- Written by: Louis C.K.; Jay London (opening act);
- Directed by: Louis C.K.
- Starring: Louis C.K.
- Music by: Maxfield Gast; Matt Kilmer; Adam Platt; Mike Shobe; Benjamin Wright;
- Country of origin: United States
- Original language: English

Production
- Producer: John Skidmore
- Cinematography: Paul Koestner
- Editor: Louis C.K.
- Running time: 66 minutes

Original release
- Release: January 27, 2015

= Live at the Comedy Store =

Live at the Comedy Store is the sixth full-length comedy special performed by comedian Louis C.K. It premiered on his website as a $5 download on January 27, 2015 and was later shown on FX. The special was filmed in West Hollywood, California at the Comedy Store by C.K.'s own production company, Pig Newton, Inc.

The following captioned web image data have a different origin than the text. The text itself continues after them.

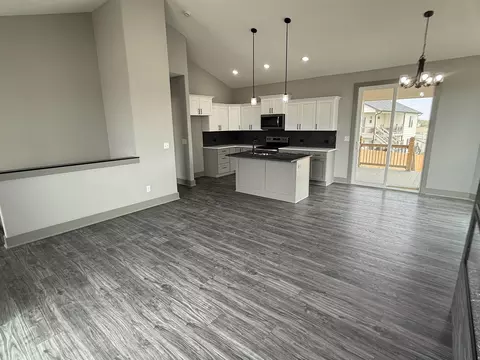 Living - 130 E Poplar Cir, Goddard, KS 67052 photo 2 of 5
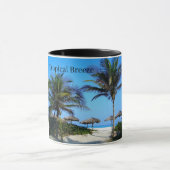 Sandy Beach with Palm Trees and An Ocean Uitzicht  Mok (Midden)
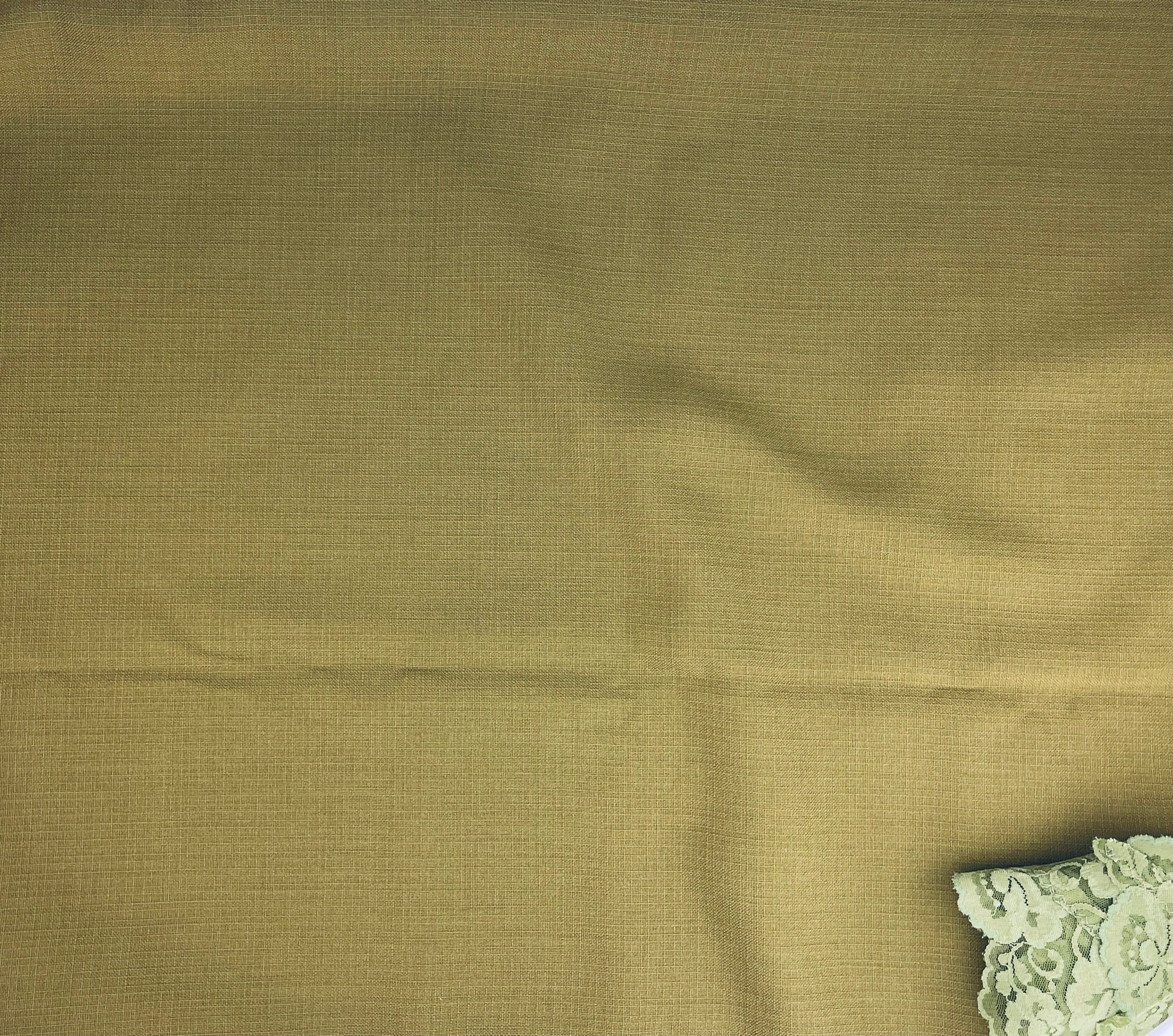 Product image for 'vintage olive green lace edge table cloth 51 x 67' (view 6ec2aa)
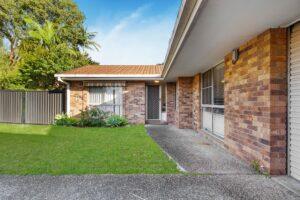 Property Sphere Real State Services Arundel, QLD 4214 Unit 2 10 Ash Ct, Arundel Qld 4214, Australia (1)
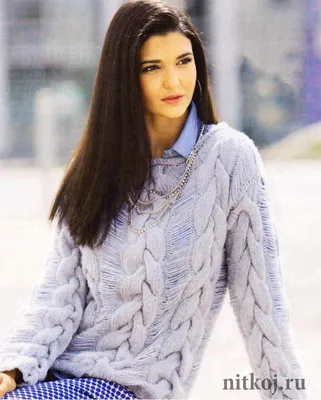 Женский свитер с косами вязаный спицами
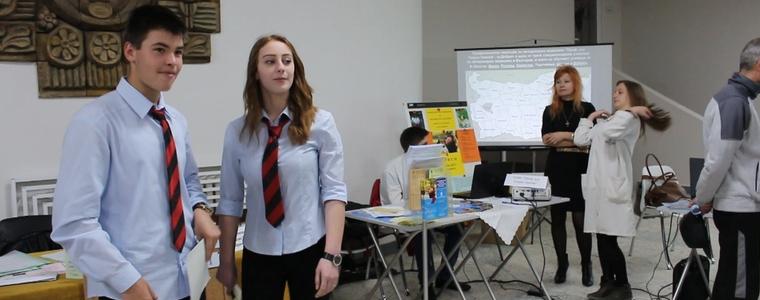  За първи път бизнесът в Добрич присъства по време на ученическа борса (ВИДЕО)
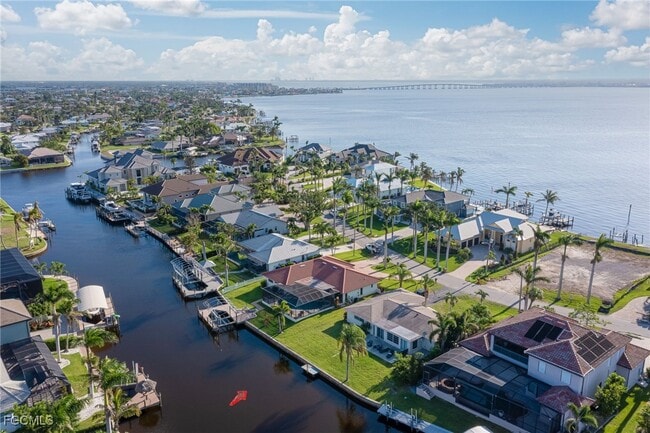 property at 5638 Riverside Dr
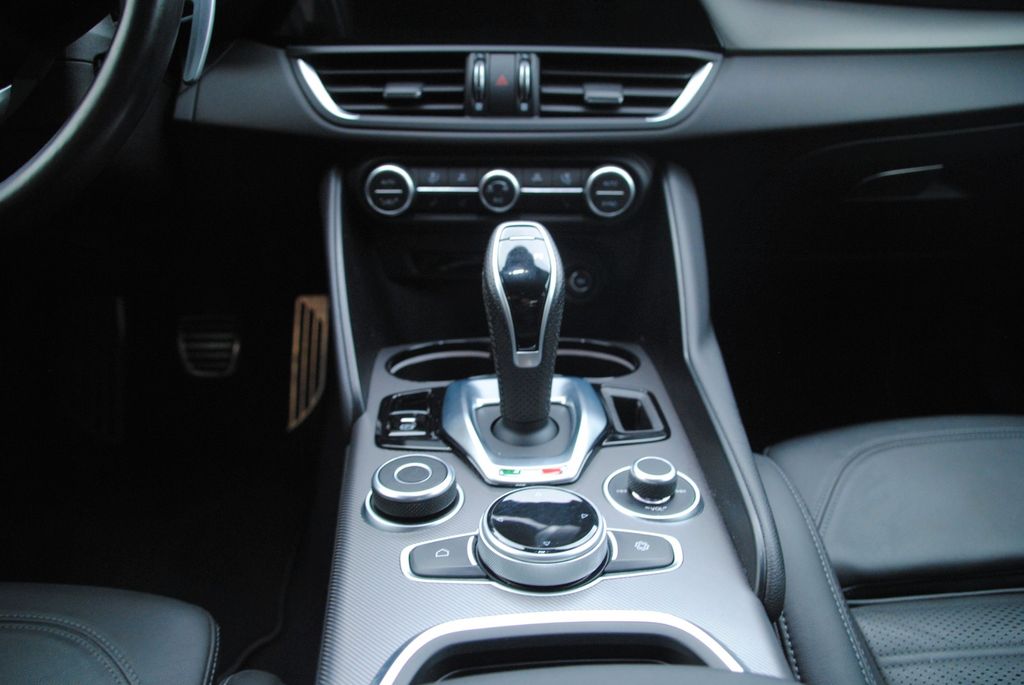 Alfa Romeo Giulia 2021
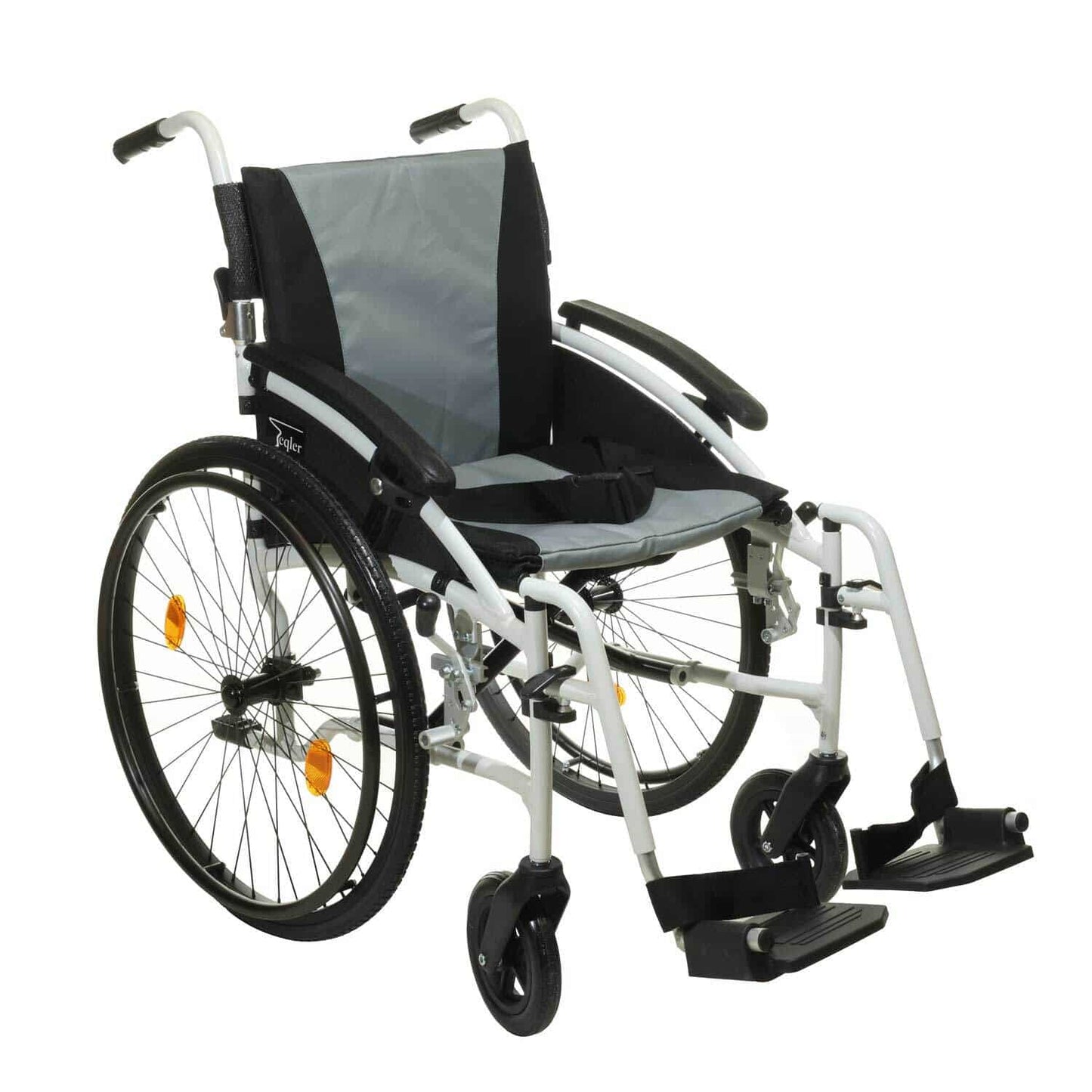 Teqler Aktivrollstuhl von vorne - ergonomische Sitzfläche, verstellbare Fußstützen, grau - Med-Praxisbedarf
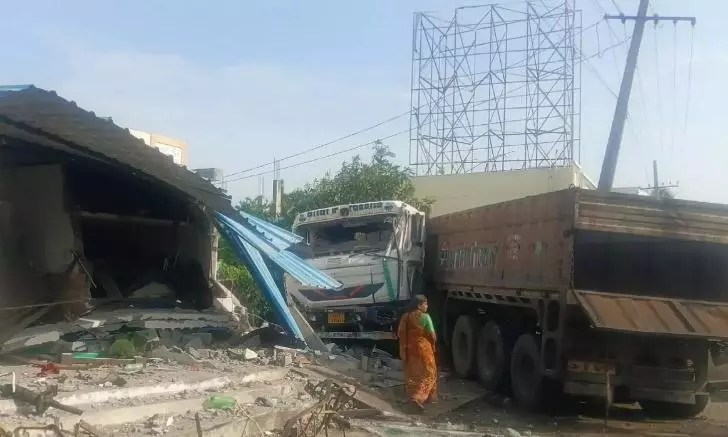 LORRY-HOUSE
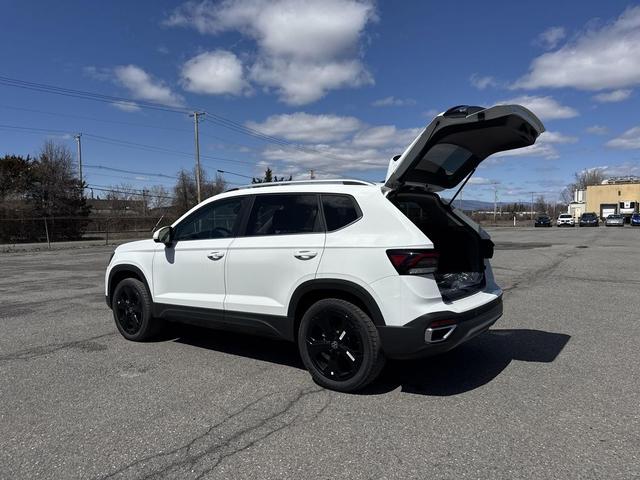 Photo of 2025 Pure White Volkswagen Taos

The special was nominated for two Emmy awards, winning in the Outstanding Writing for a Variety Special category and nominated for Outstanding Variety Special.

C.K. re-released the DVD, video and audio album for download and streaming on his website in April 2020. The special also has been available to stream on Netflix since 2016.

== Track listing ==

| No. | Title | Length |
|---|---|---|
| 1. | "Intro" | 3:10 |
| 2. | "The Mexican" | 1:42 |
| 3. | "Vaginer" | 2:57 |
| 4. | "Reallocated Noises" | 3:40 |
| 5. | "First & Last Time Having Sex" | 1:36 |
| 6. | "Subway Crazy Person" | 1:56 |
| 7. | "Babies on a Plane" | 5:45 |
| 8. | "Being a Good Dad" | 4:19 |
| 9. | "Lying" | 3:05 |
| 10. | "Trading Notes About Race" | 3:05 |
| 11. | "13 & 9 Years Old" | 5:28 |
| 12. | "Everybody Dies" | 4:51 |
| 13. | "The Dog" | 4:11 |
| 14. | "Bats" | 7:15 |
| 15. | "Rat Sex" | 4:50 |
| 16. | "Bad Girlfriend" | 4:13 |
| 17. | "Wizard of Oz" | 2:30 |
| 18. | "Outro" | 0:56 |
| Total length: |  | 65:29 |

== Critical reception ==
The Daily Dot described the special as "a revolutionary slab of standup...masterful...pops". Paste magazine said, "This is a guy who cherishes every single night he has spent behind a microphone trying to coax laughs from people."